At about this point in the festival, time tends to expand, whole sections of the day feel lost, and I begin trying to balance the excitement of upcoming screenings with the excitement of having a day to rest my eyes. And I was a relative Fantastic Fest wimp, topping out at 17 films and a handful of events. Some folks saw 30+. So I can’t vouch for the accuracy of when these screenings took place anymore–I only know that they did in fact happen.

I voted!

Invasion of Alien Bikini – The title suggests something that might come out of Japan’s notorious low-budget, low-brow imprint Sushi Typhoon, but in fact this is a Korean film. Not only that, it’s a wonderfully-weird Korean film shot for nothing and thrown up on the screen with aplomb.

The story centers around a lonely do-gooder who happens upon a beautiful woman whose interest in him should be immediately suspect. But as a nerdy guy who likes to play Jenga, doesn’t know how to talk to a woman, and has taken a vow of chastity, it takes our hero about half of the film to figure out that his new friend is probably not interested in a long-term relationship. You’d think the fact that she keeps repeating “I need your sperm” to him would have been a clue.

Invasion of Alien Bikini does not in fact feature a bikini of any sort. Nor does it really depict an invasion. However, it does feature an alien and a lovely woman who strips down to her underwear and then tries to tie up and rape our hero.  Oddly, the film shifted tone a lot between some funny adult virgin type humor, some creepy bondage and torture, and a couple of genuine moments of pathos. In short, it was off-kilter but I liked it a lot!

Hong Kong Screening 4 [Title Redacted] – Since we were asked to keep the title of the final film in the Hong Kong retrospective a secret, I will. I noticed that someone spoiled it on Twitter about 20 minutes after the movie was over, so what can you do? All I can say about the movie is that it was fucking great and one of the highlights of the festival for me.  If you scour your local, decent video rental store for HK action movies from the 80s and see one that isn’t about cops or kung-fu, you might be close!

There was actually not a tit in either of the HK films I saw.

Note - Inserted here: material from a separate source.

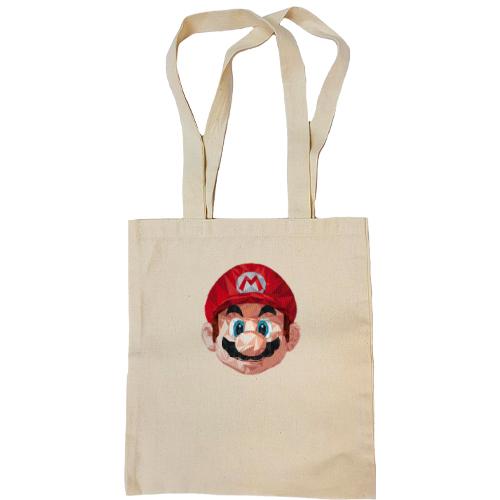 Сумка шоппер с Марио
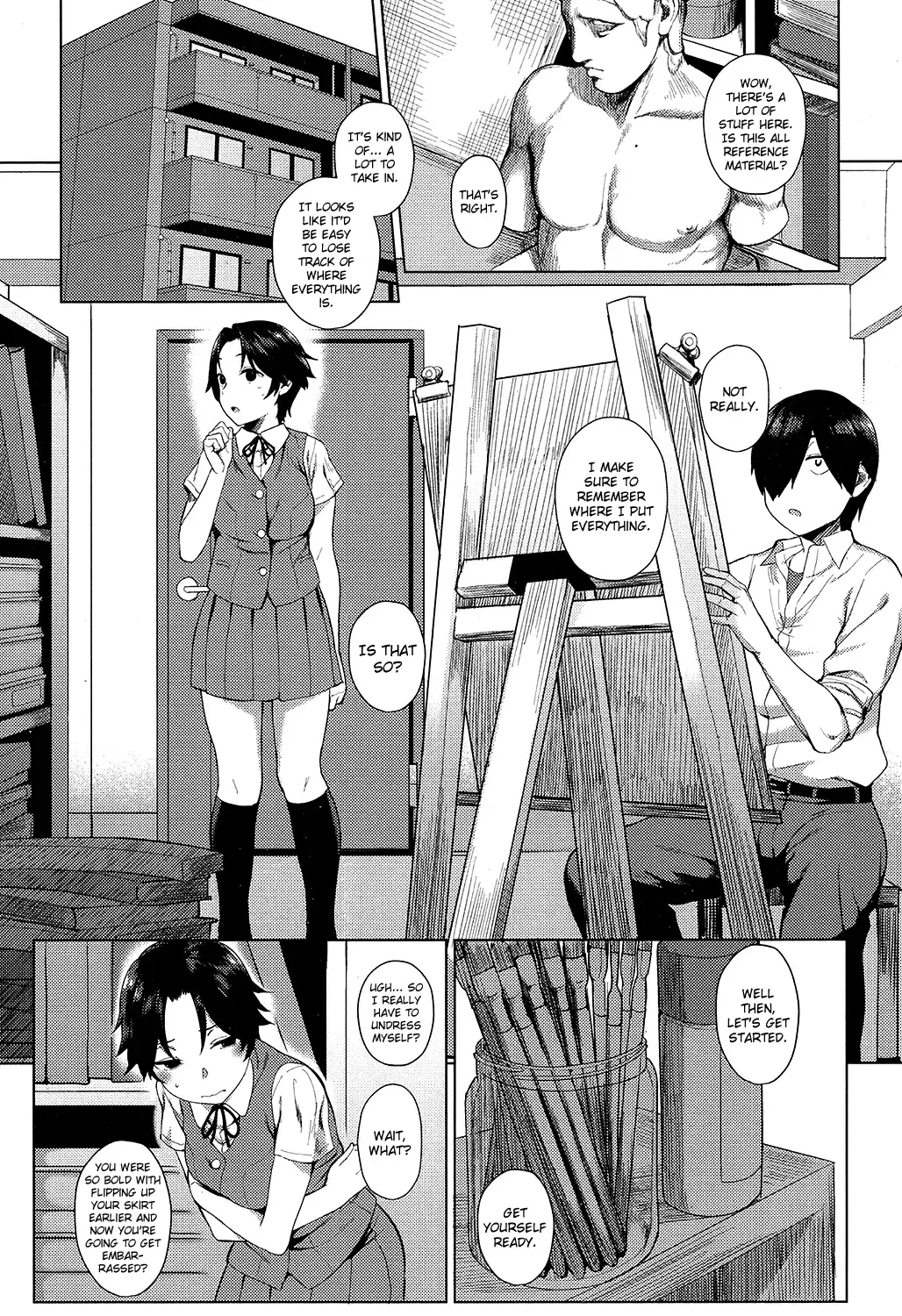 [Akanagi] Iiwake Shinai no! | No Excuse! Fhentai - Page 6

Grady Hendrix (who publishes some pretty fun stuff on his website) brought the goods with his Movies on Fire retrospective. I missed out on the Nikkatsu retrospective in 2007 and I kicked myself later because I’ve since caught and loved some of those films on DVD. I vowed not to miss Hendrix’s program of action films from the 1980s. I didn’t catch all of them since the middle two were more of the sleazy Category III type that I can do without, but the martial arts film Dreadnaught and this final action film were spectacular. It can be tempting to squeeze into secret screenings and early premieres at a festival like this, but really, I can see Paranormal Activity 3 in a theater in a month and I will probably never, ever get the chance to see these films with an audience again.

A Boy And His Samurai – Hands down my favorite film of the festival, this one seemed to take a lot of folks by surprise. Fantastic Fest is full of movies where people get brutally murdered, raped, eaten, turned into monsters, and sometimes all of the above (and not necessarily in that order.) It’s a festival where pedophilia, vomit, and testicular trauma can be played for laughs. So it came as a huge surprise that the single most heartwarming and family-friendly movie of the festival took home the Audience Award! Maybe everyone just needed a break after Human Centipede 2.

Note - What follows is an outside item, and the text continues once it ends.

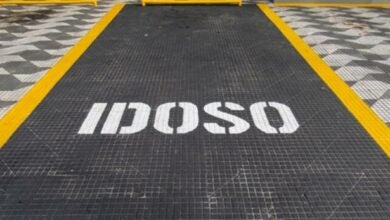 Cartão de Estacionamento para Idoso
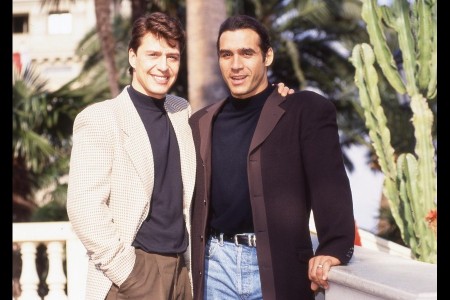 Richard EDEN (Acteur, Robocop), Adrian PAUL (Acteur, Highlander)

On the surface, A Boy and his Samurai is a pretty straightforward fish-out-of-water story that finds a time-traveling samurai from the Edo period stuck in modern day Tokyo. In lesser hands, that’s all it might be. But director Yoshihiro Nakamura executes the film so perfectly and effortlessly that it’s able to go a lot deeper than that. It’s not only clever and funny and awfully cute, but it has something to say about the balance of work and family life, about duty and compassion, and about the basic problems we face as human beings don’t really change much over dozens of generations.

In one wonderfully simple scene, two kids are acting up in a restaurant and being the kind of nuisance that kids often are when french fries and soda are involved. The moms are used to tuning the noise and annoyance out but the samurai can’t believe the children’s insolence. When he snapped at them and then reprimanded pretty much everyone in the room after apologizing for their behavior, the audience actually exploded into applause. We could all use a samurai sometimes, I guess.

I wanted to see the closing night film, Morgan Spurlock’s new Comicon documentary, but I’m so glad that I skipped that to catch this gem. This was the one film from Fantastic Fest that I might actually watch with my mom some day, which is weird but somehow also really nice. Thanks, Fantastic Fest!